Allometric and Group Differences in the Xenarthran Femur

The aim of this study is to analyze shape variation in the xenarthran femur to gain insights into their behavior and locomotion. Specimens of both Cingulata (armadillos and glyptodonts) and Pilosa (anteaters and sloths) were studied and within each group body mass varies by several orders of magnitude. The main focus of the analysis was allometric variation in femoral shape in the three groups studied, armadillos, glyptodonts, and pilosans. Three dimensional coordinates were recorded for 40 homologous landmarks on each of 51 xenarthran femurs. The data were analyzed by geometric morphometric methods, and form space analysis was used to identify the allometric variation in each of the three groups. Across all groups, larger specimens tended to have larger articular surfaces, more robust femora generally, and the shape of the femoral condyles was more suited to extended postures. In addition, in larger specimens the medial condyle was much larger than the lateral condyle and the third trochanter was located more distally. The larger armadillo femora had a greater trochanter located considerably proximal to the femoral head and this is thought to improve femoral extension, but in glyptodonts and pilosans the larger specimens had a greater trochanter that was far lateral to the femoral head and this is interpreted as enhancing femoral rotation.     

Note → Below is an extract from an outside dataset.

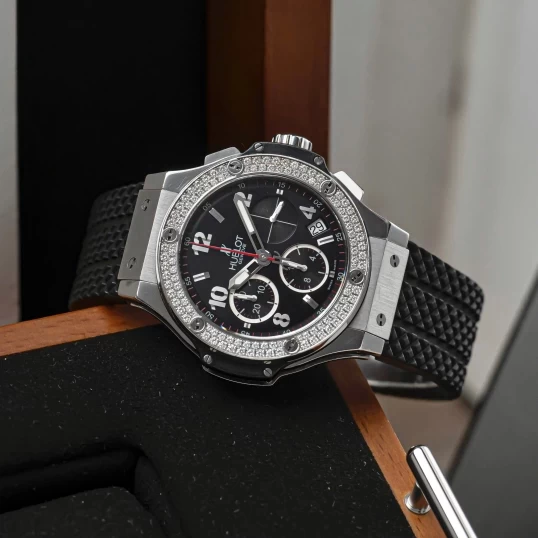 Hublot Big Bang Steel Diamonds 41mm Ref. 341.SX.130.RX.114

Molecular systematics of armadillos (Xenarthra,Dasypodidae): contribution of maximum likelihood and Bayesian analyses of mitochondrial and nuclear genes

The 30 living species of armadillos, anteaters, and sloths (Mammalia: Xenarthra) represent one of the three major clades of placentals. Armadillos (Cingulata: Dasypodidae) are the earliest and most speciose xenarthran lineage with 21 described species. The question of their tricky phylogeny was here studied by adding two mitochondrial genes (NADH dehydrogenase subunit 1 [ND1] and 12S ribosomal RNA [12S rRNA]) to the three protein-coding nuclear genes (alpha2B adrenergic receptor [ADRA2B], breast cancer susceptibility exon 11 [BRCA1], and von Willebrand factor exon 28 [VWF]) yielding a total of 6869 aligned nucleotide sites for thirteen xenarthran species. The two mitochondrial genes were characterized by marked excesses of transitions over transversions-with a strong bias toward CT transitions for the 12S rRNA-and exhibited two- to fivefold faster evolutionary rates than the fastest nuclear gene (ADRA2B). Maximum likelihood and Bayesian phylogenetic analyses supported the monophyly of Dasypodinae, Tolypeutinae, and Euphractinae, with the latter two armadillo subfamilies strongly clustering together. Conflicting branching points between individual genes involved relationships within the subfamilies Tolypeutinae and Euphractinae. Owing to a greater number of informative sites, the overall concatenation favored the mitochondrial topology with the classical grouping of Cabassous and Priodontes within Tolypeutinae, and a close relationship between Euphractus and Chaetophractus within Euphractinae. However, low statistical support values associated with almost equal distributions of apomorphies among alternatives suggested that two parallel events of rapid speciation occurred within these two armadillo subfamilies.